THE KARNATAKA STATE CONSUMER DISPUTES
REDRESSAL COMMISSION, BANGALORE. (ADDL. BENCH)
DATED THIS THE 1st DAY OF JULY 2021
PRESENT
SRI RAVI SHANKAR – JUDICIAL MEMBER
SMT. SUNITA C.BAGEWADI - MEMBER
APPEAL NO. 169/2013
Future General India Insurance Co., Ltd.,
Rep. by its Authorized Signatory,
Pasadena, No.18/1, (Old No.125/A)
3rd Floor, Ashoka Pillar Road, 1st Block,
Jayanagar, Bangalore-560 082.
…….Appellant/s.
(By Shri/Smt M.R.Manoj Kumar, Adv.,)
-Versus-
M/s Ramesh Tours and Travels Pvt., Ltd.,
Represented by Sri. Ramesh,
Aged about 42 years S/o Gopal,
No.6, 3rd Cross, Victoria Layout,
Bangalore – 560 047.
……….. Respondent/s
(By Shri/Smt Ragavendra, Adv.,)
:ORDERS:
BY SRI.RAVI SHANKAR - JUDICIAL MEMBER
The Opposite Party in complaint No.416/2012 on the file of III Additional Bangalore Urban District Consumer Commission, has preferred this appeal being aggrieved by the order dated:28/11/2012 in C.C.No.416/2012, wherein the District Commission directed the appellant to pay Rs.54,785/- towards own damage claim together with interest @ 12% p.a. from 13.01.2012 till payment along with compensation of Rs.10,000/-.
The appellant submits that the complainant had obtained an insurance policy i.e. four wheeler package policy towards vehicle bearing registration No.KA:51:A-0006 which is valid from 03.10.2011 to 02.10.2012 vide policy bearing No.2011-V1443217-FTX. The said vehicle is a Luxury vehicle and this Opposite Party had covered the vehicle for a total value at Rs.6,87,150/- and mutually agreed upon Motor Add on Covers Policy schedule was issued wherein relating to Section I i.e., “Loss or Damage Caused to the vehicle Insured”, the policy so issued was as follows:-
“Zero Depreciation Cap – Applicable only for two accidents during the policy period, Refer the attached policy wordings for detailed coverage.

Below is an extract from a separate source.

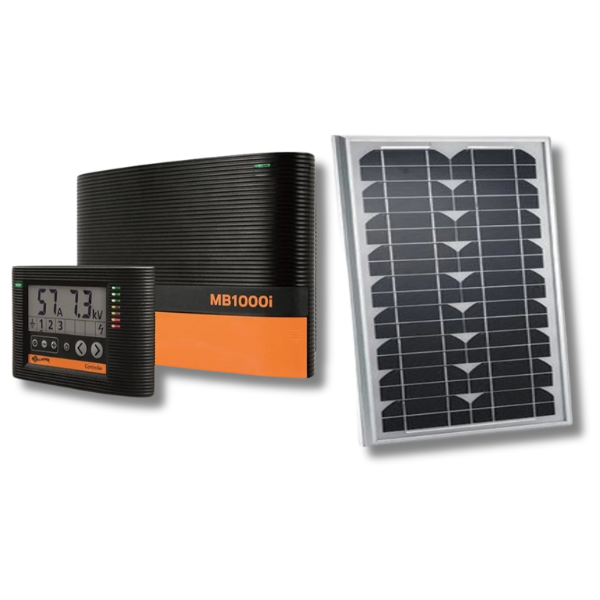 45km 130W Solar Powered Electric Fence Energiser & Solar Kit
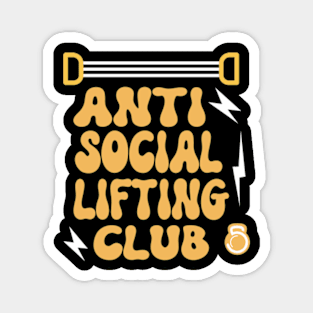 anti social lifting club Magnet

IDV comprising of On-Road Price.
Reimbursement of Consumables, reimbursement for the cost of consumables up-to 2% of the admissible claim amount subject to a maximum of Rs.3,000/-.
Such being the case, the complainant had informed that the vehicle was met with an accident and suffered damages. After the information they have appointed one surveyor to assess the loss on 18.10.2011. Immediately, the said approved surveyor has investigated the vehicle on 18.10.2011 at Navnit Motors Private Limited. Subsequently, the said surveyor visited the said workshop on 09.11.2011, where he noticed that the vehicle was duly repaired and no opportunity was provide to assess the damages caused to the vehicle in the accident and insisted for payment of the entire expenses towards repairs. The said claim was not settled as claimed by the complainant and they have settled of the claim as per the information of the surveyor. After the claim, they have settled to the tune of Rs.3,72,962.25/- by way of two cheques, one for Rs.1,08,113/- and another cheque for Rs.2,64,849.25/- as per the information given by the surveyor. After settlement of the said claim, the complainant approached the District Commission for remaining payment amount towards settlement, for which the District Commission allowed the complaint and directed them to pay the balance amount of Rs.54,785/- along with interest and cost.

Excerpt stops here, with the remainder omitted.